The success of this type of healing procedure will not only make concrete structures last longer, but it will also lead to repair costs being halved. Man-made carbon dioxide emissions will also fall, because the manufacture of concrete will be reduced.
Transparent/Fibre Optic Concrete
Architect Kengo Kuma’s use of Luccon, which consists of fibre optic strands, is another very innovative way of utilising the possibilities of concrete. The fibre optic strands are embedded into concrete in a layered form, which then makes it possible for light to be transmitted through the concrete blocks.
Impressively, how big any image appears on the other side is down to the thickness of the block itself. Kuma is looking at inventive ways of making use of this technology, including the creation of building facades via projectors.
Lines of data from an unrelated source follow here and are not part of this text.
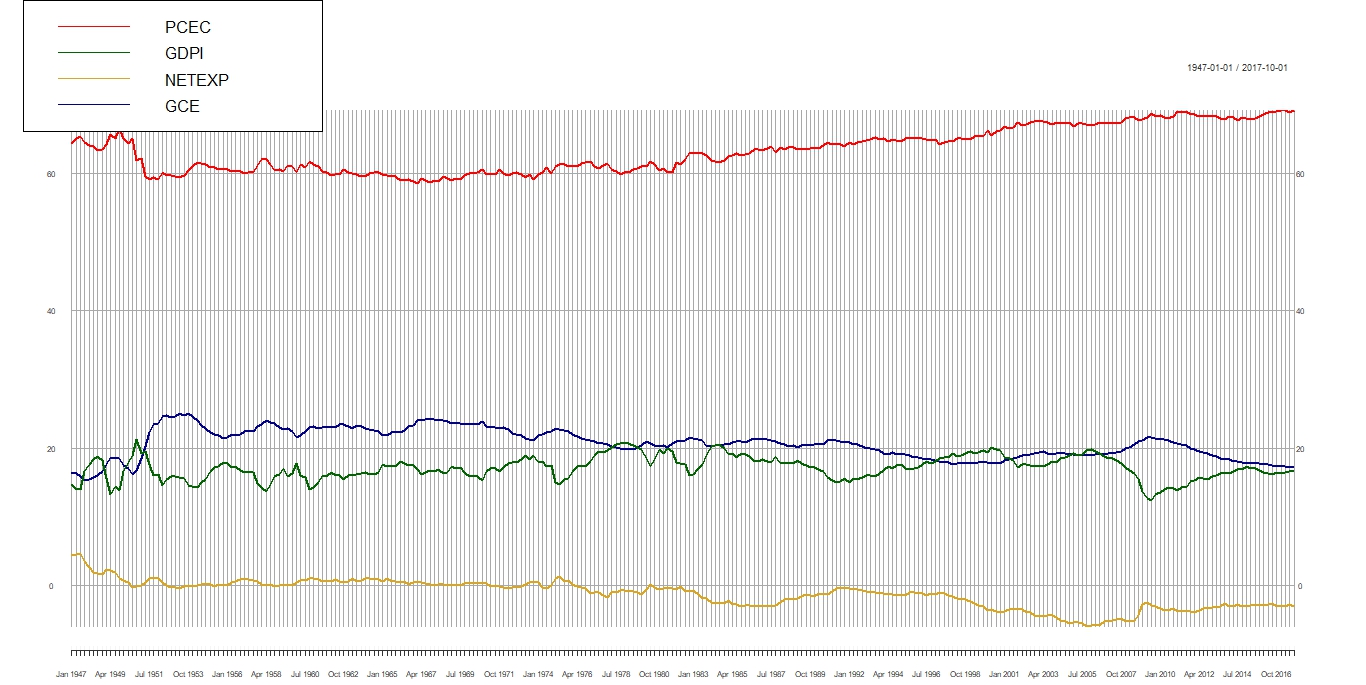 Percentages of GDP.jpeg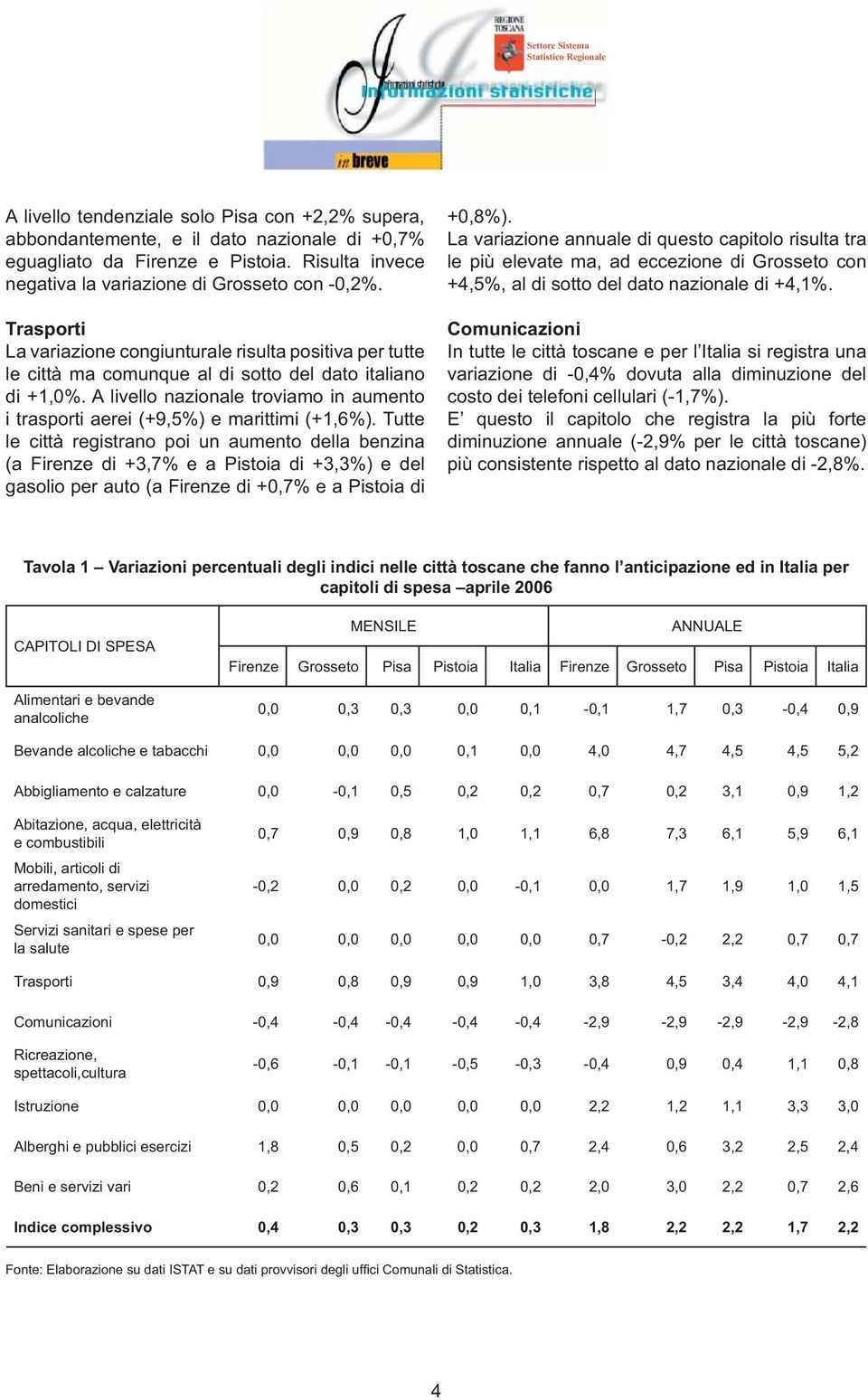 A livello nazionale troviamo in aumento i trasporti aerei (+9,5%) e marittimi (+1,6%).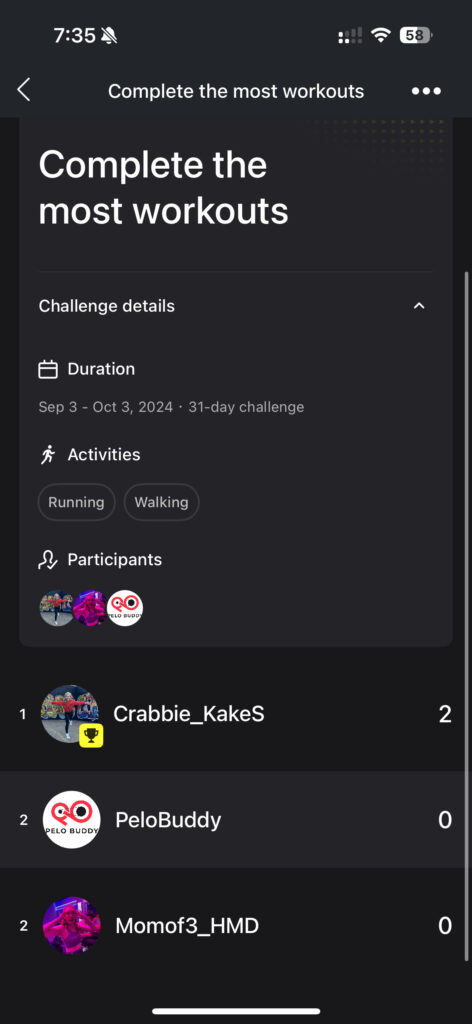 A new Peloton Teams challenge leaderboard.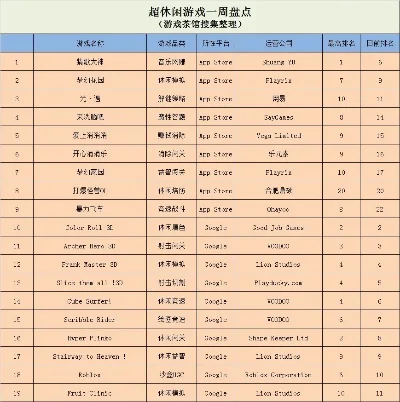 塔防游戏App排行榜　塔防游戏app排行榜推荐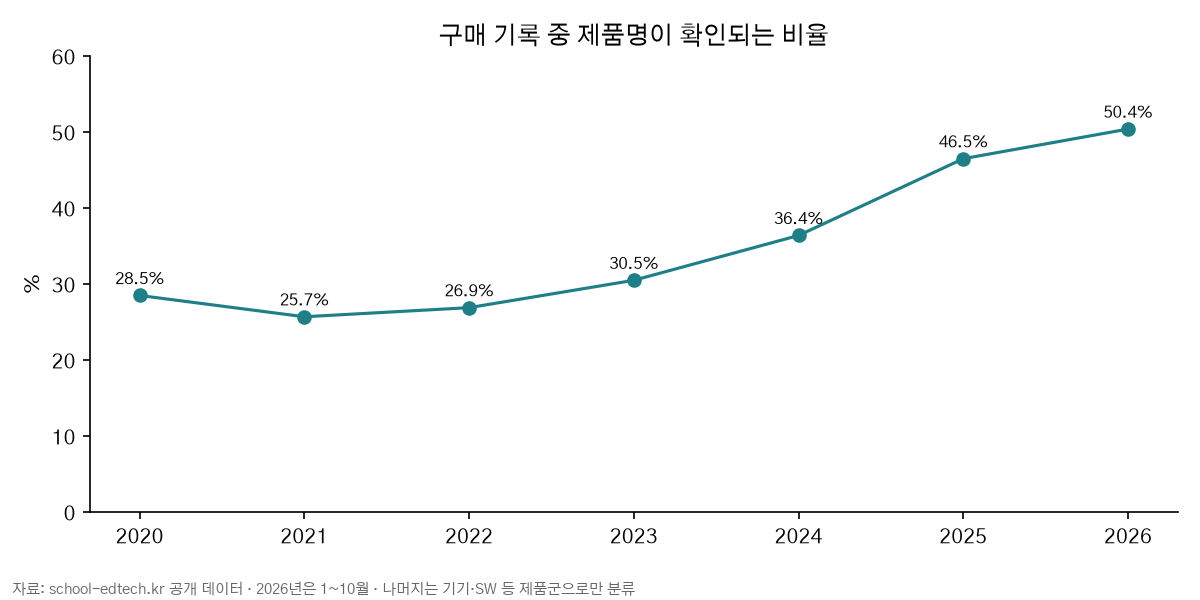 연도별 제품명 확인 비율 추이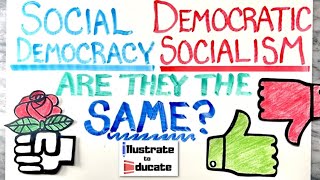 Social Democracy Vs Democratic Socialism  Social Democracy and Democratic Socialism Explained EASY [upl. by Husain]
Engineered Cementitious Composites (ECC) were invented by the University of Michigan’s Vincent Li more than two decades ago. Notably, Polyvinyl Alcohol fibres are used to add 3 to 7% percent in terms of tensile strength that result in no breaks or strength being lost. ECC is now currently being researched for its possible uses worldwide.
ECC is also an inexpensive material, and it is being used in the construction of new, major buildings in Japan. Though the base materials of ECC consist of the typical sand, water and cement there are no big particles regarding the aggregate. The strain capacity of this type of concrete is also optimised to 500 times more than traditional concrete.